Laboratory of Machine Learning and Intelligent Instrumentation, Federal University of Rio Grande do Norte, Natal, RN, 59078-970, Brazil.
Department of Pharmacy and Pharmaceutical Technology, University of Granada, Granada, Spain.
BMC Bioinformatics. 2023 Mar 11;24(1):92. doi: 10.1186/s12859-023-05188-1.
In December 2019, the first case of COVID-19 was described in Wuhan, China, and by July 2022, there were already 540 million confirmed cases. Due to the rapid spread of the virus, the scientific community has made efforts to develop techniques for the viral classification of SARS-CoV-2.

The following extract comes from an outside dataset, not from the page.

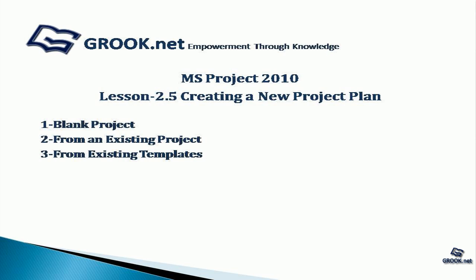So to summarize, we have seen how to create a new project plan as a blank project, from an existing project, or from existing templates. This presentation material is available on grook.net. Thank you for joining us on this tutorial. In the next part of the video tutorial series at grook.net, we will take a look at how to set non-working days for a project.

In this context, we developed a new proposal for gene sequence representation with Genomic Signal Processing techniques for the work presented in this paper. First, we applied the mapping approach to samples of six viral species of the Coronaviridae family, which belongs SARS-CoV-2 Virus. We then used the sequence downsized obtained by the method proposed in a deep learning architecture for viral classification, achieving an accuracy of 98.35%, 99.08%, and 99.69% for the 64, 128, and 256 sizes of the viral signatures, respectively, and obtaining 99.95% precision for the vectors with size 256.
The classification results obtained, in comparison to the results produced using other state-of-the-art representation techniques, demonstrate that the proposed mapping can provide a satisfactory performance result with low computational memory and processing time costs.
2019 年 12 月,中国武汉首次描述了 COVID-19 病例,到 2022 年 7 月,已确诊病例已达 5.4 亿例。由于病毒的迅速传播,科学界已经努力开发 SARS-CoV-2 的病毒分类技术。
在这种情况下,我们针对本文提出了一种新的基因序列表示方法,该方法结合了基因组信号处理技术。首先,我们将该方法应用于冠状病毒科的六种病毒物种的样本,这些样本属于 SARS-CoV-2 病毒。然后,我们使用通过所提出的方法获得的序列缩减后的方法在深度学习架构中进行病毒分类,分别获得了 64、128 和 256 大小的病毒特征的 98.35%、99.08%和 99.69%的准确性,并且获得了大小为 256 的向量的 99.95%的精度。
与使用其他最先进的表示技术相比,所获得的分类结果表明,所提出的映射可以提供令人满意的性能结果,同时具有低计算内存和处理时间成本。